Marnie is now one of the directors of the mill but said at the time, when the news broke, it was ''very nerve-racking''.
They had already faced a slight change of business when their wool dyer, based in Northland, retired.
For six or seven years, Glenn had been helping to pack and send orders, ''because Mum needed some help''.
When their dyer retired about four years ago, Glenn taught himself how to dye the wool in order to keep the business going.
He says while it looks easy, it is anything but. Each dye solution is made up to a recipe with precise measurements of base colours.
''If I put just 10ml of the wrong colour in, it could stuff up thousands of dollars of wool.''
Any chemicals in the water and the temperature can also affect how the finished product turns out.
Because of the specialised nature of the business, there are not many options to fall back on in cases such as their retired wool dyer or the mill closing down.
''And so, if the mill goes, we go ... we can get it done overseas but then it's not New Zealand-made which is a big thing for us,'' Glenn says.
Just as the economic downturn hampered those previously running the mill, it has also hampered the Touch Yarn business - although not to the same scale.
''We did have a good market in America ... but the downturn in the economy has dropped that,'' Marnie said.
With about 41% of their product exported, she said they would like to send a little more to America though ''it's a difficult market to get into''.
But they do not want to expand the business too much - ''we just want to keep it as a niche market''.
Sustaining that market means they have to be innovative.
''When I first started, we only had to change the stock about every two years. Now, it is about every six months.''
With family as business partners, there is always a good sounding board for ideas, she says.
''And if they don't answer me back, then I know it's not a good idea.''
They say the secret to working together is to ''respect each other's ideas''.

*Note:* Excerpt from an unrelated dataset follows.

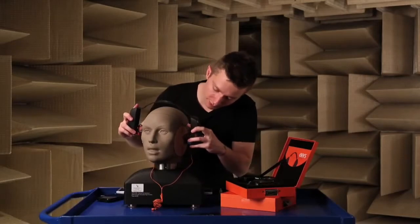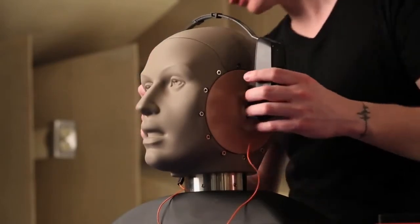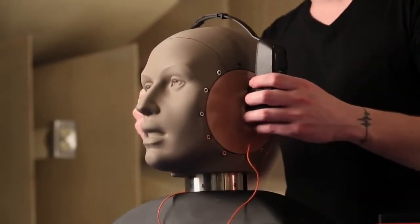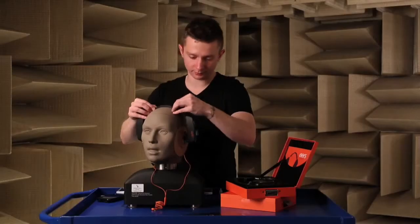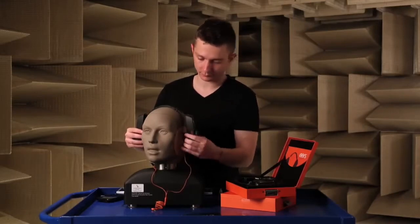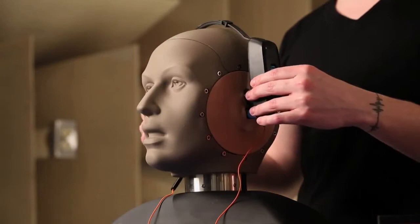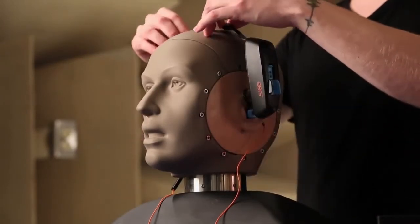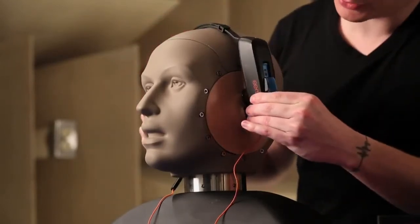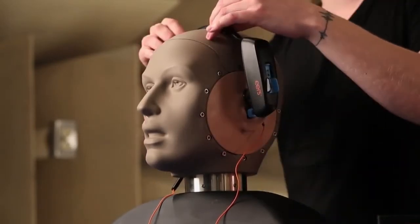Insert the earpiece into the center of your ear canal. Loop the ear hooks behind your ear and adjust the headband snug to your head. Make sure that the headband stays vertically centered, not leaning forward or leaning back — vertically centered, snug. Give the earpieces a final wiggle to make sure that they're deeply inserted into the ear canal and that they feel comfortable and symmetrical on both sides.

''The only down side is that if there's a family function on or if the grandchildren are having a sports day ... usually one of us has to stay here [at work].
''There's lots of positives, 'cause if you get on well in a family group it's, you know ... loyalty is a big thing, it's a huge plus.
''The best thing is that I get to see them every day,'' Marnie says.
For Glen and Kylie though, things are a little different.
''I only occasionally get to ask my husband how his day was ... and occasionally you have to tell yourself 'No, I'm not going to talk about this at home; leave work at work','' she said.
As for the future of the business, Glenn says they will keep it going and Marnie says she is not sure if her grandchildren, Hannah and Sam (9) will eventually take it over, although Sam ''seems to be taking an interest in business''.